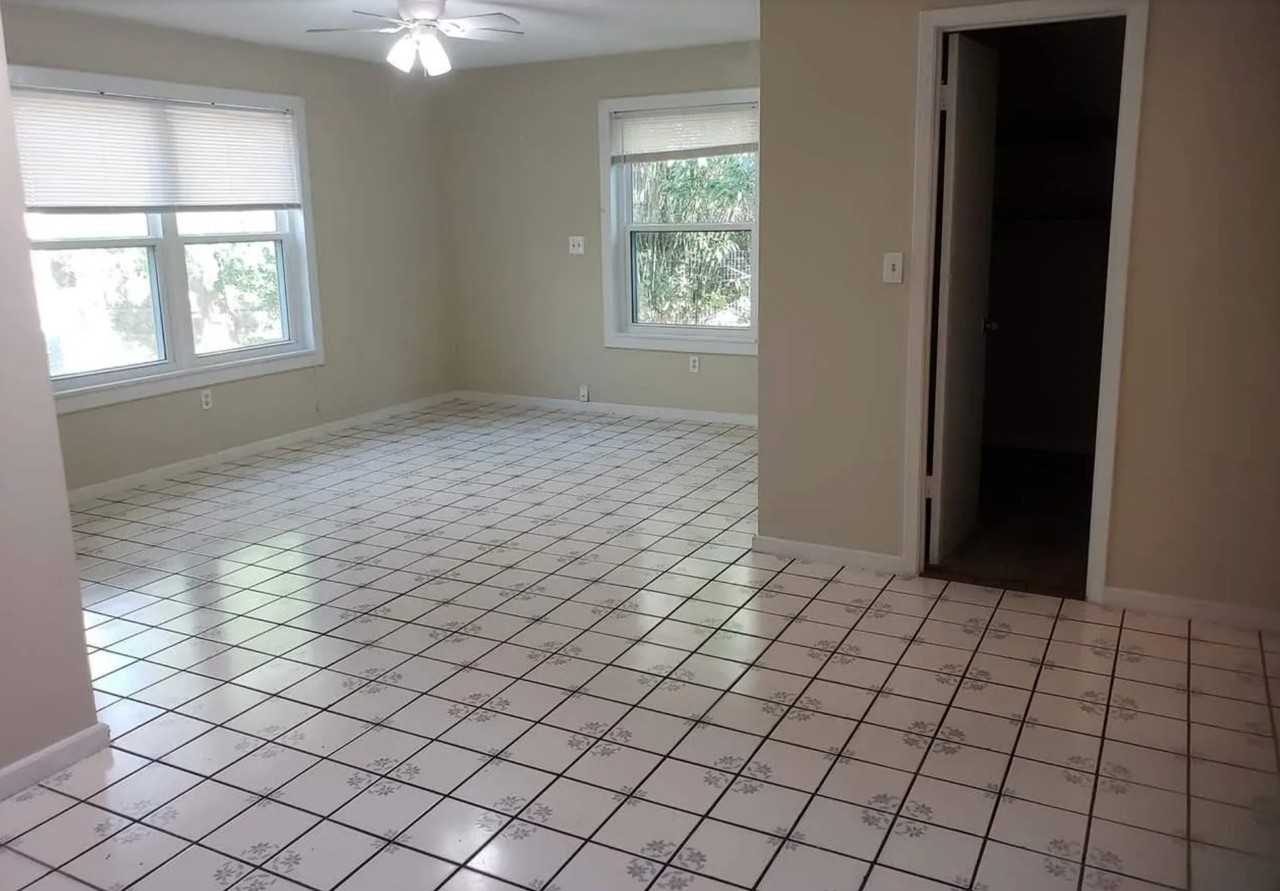 3060 Robertson Rd - Photo 6 of 7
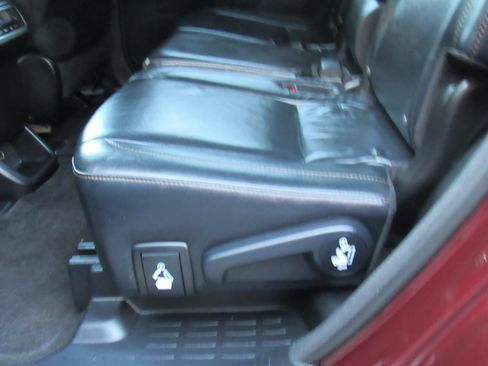 Used 2016 Toyota Highlander XLE w/ Protection Package #3 AWD/4WD image 17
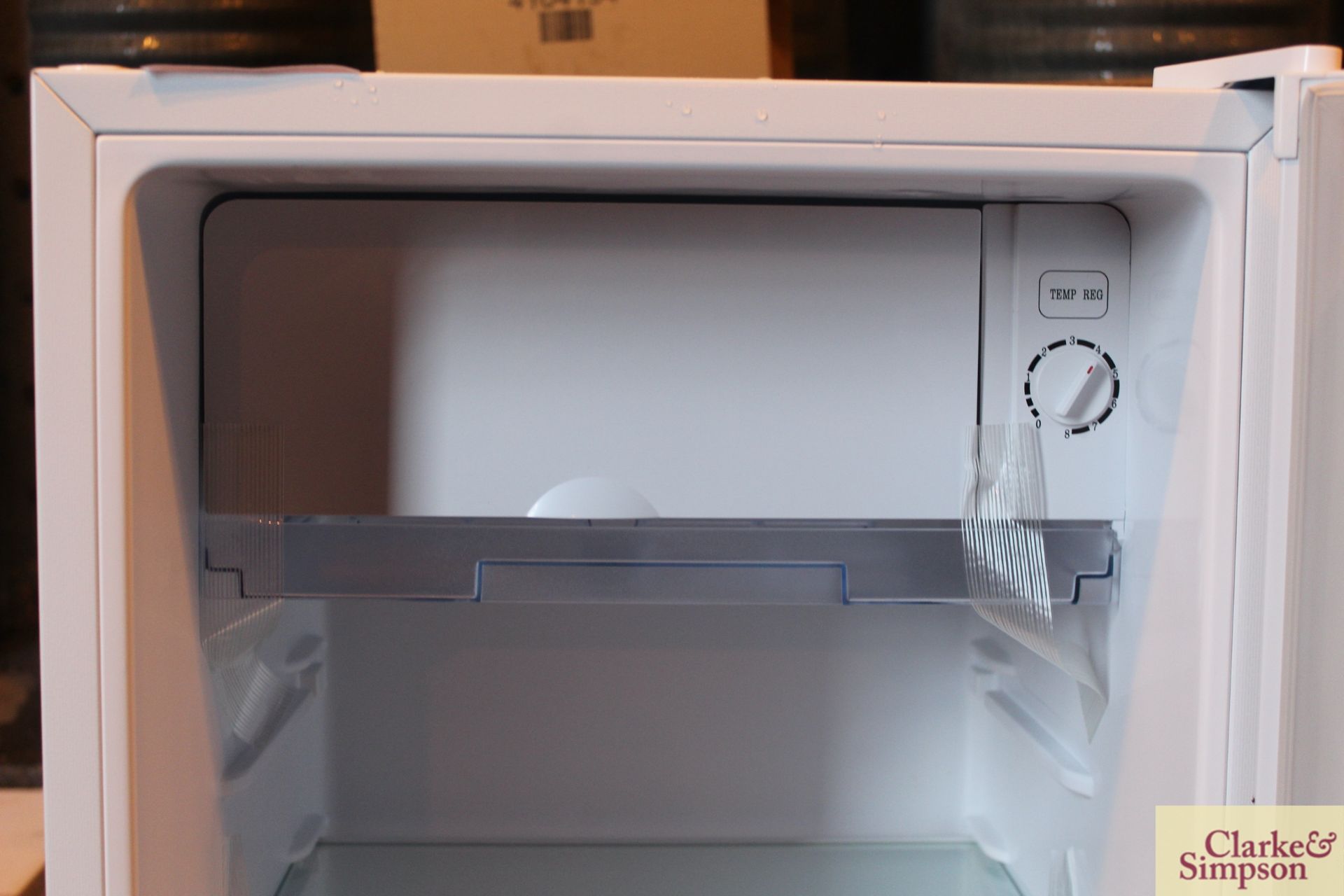 Fridgemaster undercounter fridge. - Image 4 of 4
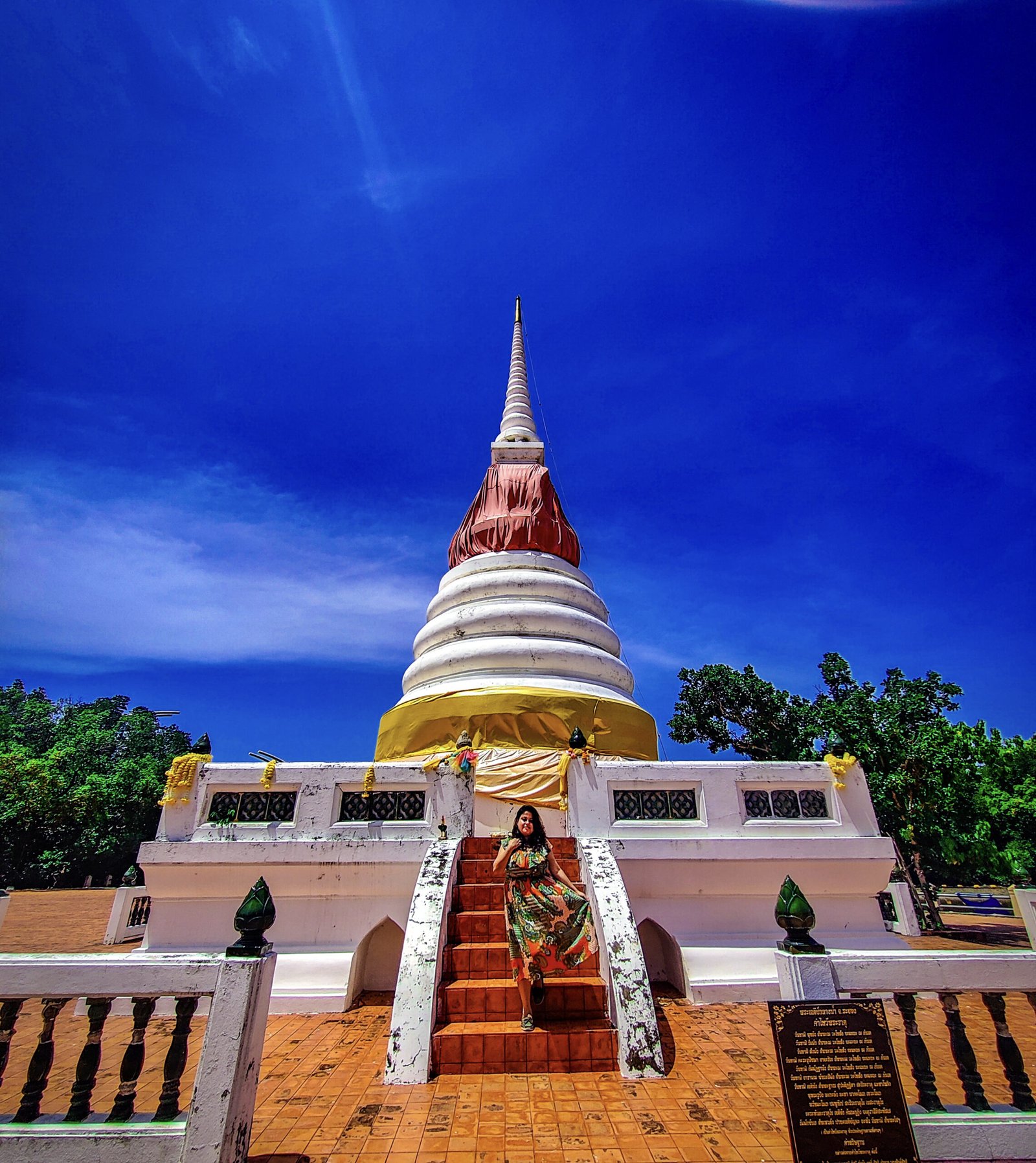 Phra Chedi Klang Nam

_Task goal_
With the images removed, write out all of the material above exactly.

_Solution to the exercise_
 3060 Robertson Rd - Photo 6 of 7
 Used 2016 Toyota Highlander XLE w/ Protection Package #3 AWD/4WD image 17
 Fridgemaster undercounter fridge. - Image 4 of 4
 Phra Chedi Klang Nam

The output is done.